“America is a sick place in which little girls still grow up thinking getting someone to fall in love with them is some kind of achievement.“
Title: Love at First Like
Author: Hannah Orenstein
Rating: 1.5/5 stars
You ever start reading a book and get hopeful based on one thing (in this case, the mention of a great vegan restaurant) only to be incredibly disappointed by…literally everything else?
Yeah, that was Love at First Like by Hannah Orenstein for me.
The cover? Cute.
The plot? Promising.
The execution? Awful.
In Love at First Like, we meet Eliza Roth. Along with her sister, Sophie, she owns a jewelry store in Brooklyn, appropriately (and uncreatively) called Brooklyn Jewels. While Sophie designs their pieces, Eliza handles the marketing end. She runs the brand’s Instagram account (which has 100,000 followers) but also essentially uses it as her personal IG as well. Gotta look relatable to the masses. When she’s bored, she likes to pose with the engagement rings Brooklyn Jewels sells, taking photos and making fake engagement announcements on Instagram…of course, she just leaves them in the drafts or deletes them.
Unfortunately, after one very bad date and the realization that her on-again, off-again boyfriend Holden is getting married, Eliza makes a big mistake: she accidentally posts one of those photos…and everything changes for Brooklyn Jewels. It’s more, more, more: more eyes on the brand, more people in the store, more sales being made, more publicity, more questions. Eliza receives requests for interviews (actually, she begins reaching out to people to feature her and Brooklyn Jewels), so things are going great…except for the fact that, you know, Eliza doesn’t have a fiance. She does, however, have a free wedding dress, a free wedding venue, a free honeymoon, and so on.
So, of course, she needs a fake fiance! And fake relationships are usually a fun trope, one I enjoy. But that’s largely because both people in the fake relationship are willing participants.
Which is so not the case in Love at First Like.
She reels in Blake, who somehow never uses the Internet to know anything about all the press Eliza is getting (and neither does anyone else around them?). She fakes an entire whirlwind relationship with him, tells him she loves him very quickly because, well, she has a free venue with a wedding date in October, so she has to get this poor man on board fast.
Eliza lies, she schemes, she complains about money. I support people, in real life and in fiction, treating themselves, but, hey, maybe if you’re worried about paying your rent, you shouldn’t 1) get lunch from By Chloe every single day (being vegan isn’t expensive – and Eliza isn’t even vegan – but going to vegan restaurants, especially everyday, is), 2) venture across the street to the bar nearly every night, and 3) have fancy cheese dates every week with your best friend.
And, you know, it might also be a good idea to not allow your sister a raise of over $10,000 for IVF, no matter how much you love her and want her to be happy.

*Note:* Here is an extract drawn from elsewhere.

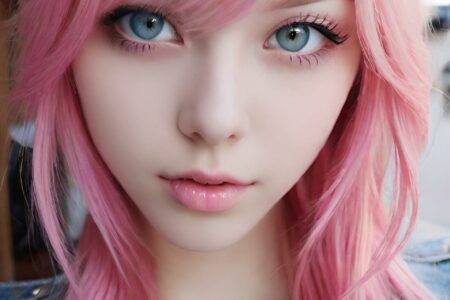 AI girl with pink hair wallpaper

After all…you are worried your business won’t survive, right?
And that’s not even the real problem with Eliza. She is manipulative: all she cares about is herself and her business, which would be okay if she wasn’t dragging other people into her mess and potentially ruining things for other people. Instead of being upfront with Blake, who seems to be a really understanding and sweet guy, she lies to him. Constantly.
And when she finally comes clean and he breaks things off with her, Orenstein asks us to feel sorry…for Eliza.
Her friends have a party for her, to make her feel better about being dumped by a man who she has been lying to for months. Her friends even go so far as to blame Blake because relationships are a two-way street and nobody made Blake propose. Excuse me? He was being lied to, manipulated into thinking Eliza felt as strongly as he did. No, nobody forced him to propose, but he was misled by Eliza, who everyone just let…do whatever she wanted.
And by the time the book ended, she faced absolutely no consequences. She got everything she wanted, just with a different guy. She learned nothing, showed no real remorse, and never got her comeuppance.
If this book was about Eliza trying to convince Blake to be in a fake relationship and have a fake marriage with her (like she does at the end of the book) and him going along with it? Fine. Even if they didn’t fall for each other, or if he fell for her while she fell for someone else and they realized it wasn’t fair to go through with this, that would have been fine.
But Eliza was so unlikable, phony, and dishonest. I understand she wanted to save her business, but there were definitely other options than stringing poor, unsuspecting Blake along while she and Raj laugh about her scheme.
This one was just really disappointing.